■ Problem statement
Look through the entries. Copy each line that has the word "Vintage".

■ Data section
------------------------------------------------
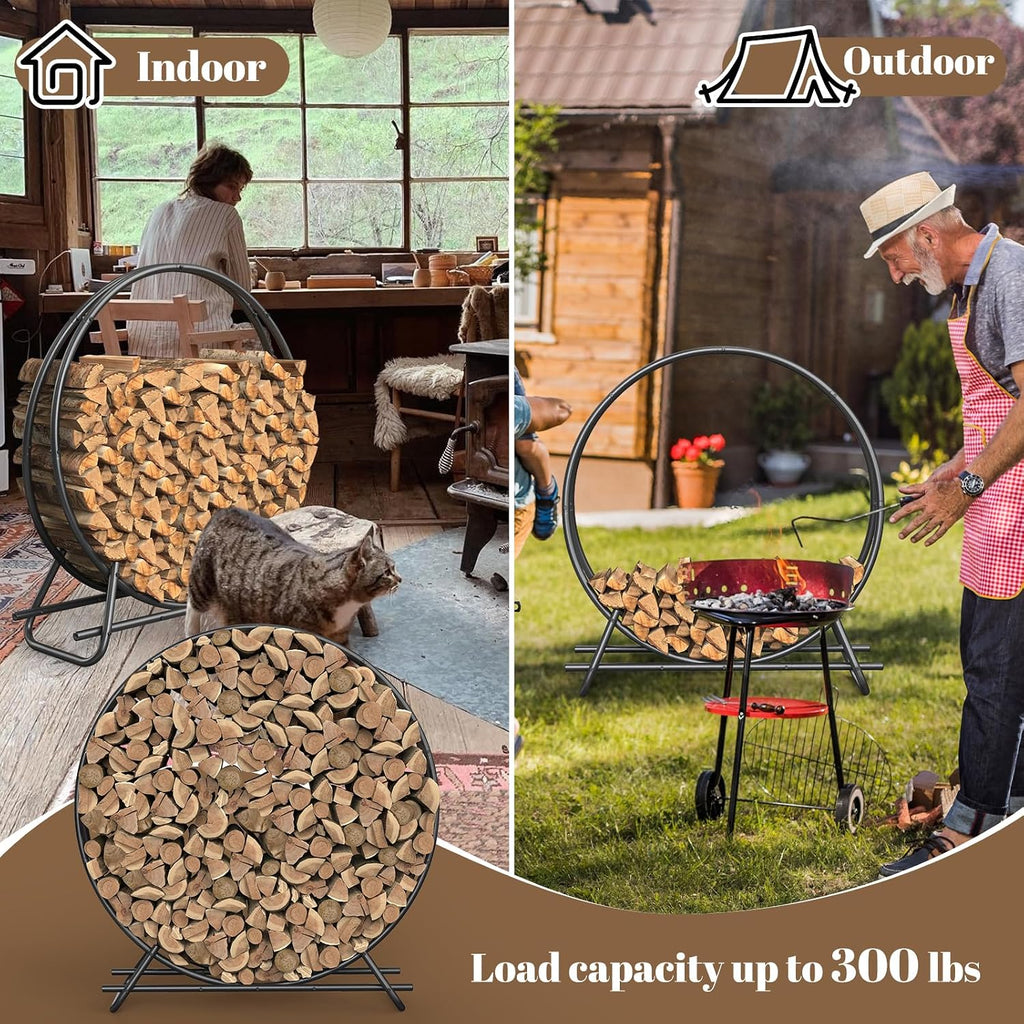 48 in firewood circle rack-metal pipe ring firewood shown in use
------------------------------------------------
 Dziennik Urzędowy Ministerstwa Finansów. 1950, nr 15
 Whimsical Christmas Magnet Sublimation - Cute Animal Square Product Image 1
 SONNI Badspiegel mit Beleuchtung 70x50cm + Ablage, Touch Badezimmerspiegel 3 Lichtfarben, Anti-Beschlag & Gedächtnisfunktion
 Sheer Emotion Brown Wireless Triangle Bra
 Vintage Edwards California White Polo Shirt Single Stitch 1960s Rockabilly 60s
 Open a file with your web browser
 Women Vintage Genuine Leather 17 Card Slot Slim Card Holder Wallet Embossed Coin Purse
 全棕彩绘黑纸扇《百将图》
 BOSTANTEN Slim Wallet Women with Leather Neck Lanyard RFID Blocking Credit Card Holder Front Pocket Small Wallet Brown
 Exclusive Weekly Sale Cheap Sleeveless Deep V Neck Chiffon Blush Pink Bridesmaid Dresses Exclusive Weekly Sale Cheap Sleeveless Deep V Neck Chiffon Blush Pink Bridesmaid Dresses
------------------------------------------------
■ Response area
 Vintage Edwards California White Polo Shirt Single Stitch 1960s Rockabilly 60s
 Women Vintage Genuine Leather 17 Card Slot Slim Card Holder Wallet Embossed Coin Purse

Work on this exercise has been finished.